Quando, per ricevere la corona d'alloro, costume rinnovato dagli
antichi Romani, Francesco Petrarca pospone Parigi e Napoli a Roma,
il pensiero che lo guida non è, come a prima giunta potrebbe parere,
un pensiero nuovo, proprio dell'umanista, ma è anzi un pensiero
vecchio, familiare a tutto il medio evo, e solo ritemperato nella nuova
coltura.
Se non che le voci che nella età di mezzo suonano intorno a Roma,
non tutte sono di ammirazione e di lode. A fianco della Roma antica
che vive nella memoria degli uomini, c'è la Roma Nuova, la Roma dei
papi, che vive nella realtà delle cose, e quanto quella sembra degna
di gloria, tanto questa, a molti, sembra degna d'infamia.
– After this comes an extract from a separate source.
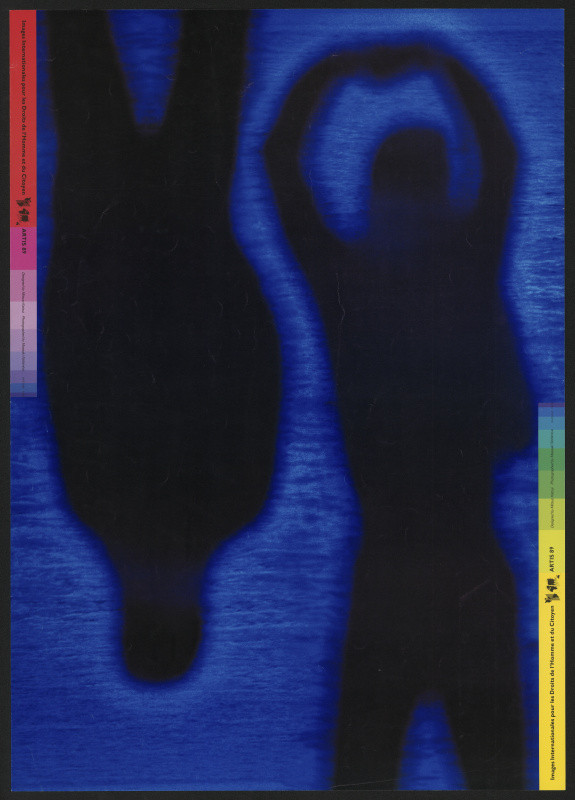 Mitsuo Katsui - Images Internationales pour les Droits de l´Homme et du CitoyenŠ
Se alcuni
uomini religiosi si sgomenteranno di certi ricordi, e imprecheranno ai
poeti e ai filosofi pagani, molti più s'adonteranno delle vergogne
onde Roma papale è fatta turpe ricettacolo, e malediranno alla
corruzione della Chiesa. Quello stesso Alessandro Neckam che
abbiam veduto celebrare in versi traboccanti di nobile entusiasmo la
Roma degli Scipioni e di Cesare, così, in alcuni altri versi, parla della
Roma dei pontefici
[72]:
Roma, vale, papam, dominos quoque cardines orbis,
Romulidasque tuos opto valere, vale.
Roma, vale, numquam dicturus sum tibi, salve;
Compressas valles diligo; Roma, vale
Roma, Jovis montes, alpes nive semper amictas,
Hannibalisque vias horreo; Roma, vale.
Includi claustro, privatam ducere vitam,
Opto; me terret curia; Roma, vale.
Romae puid facerem? mentiri nescio, libros
Diligo, sed libras respuo; Roma, vale.
Numquid adulabor? faciem jam ruga senilis
Exarat, invitus servio; Roma, vale.
Mausolea mihi non quaero, pyramidasve,
Glebae contentus gramine; Roma, vale.
Respuo delicias tantas, tantosque tumultus;
Cornutas frontes horreo; Roma, vale.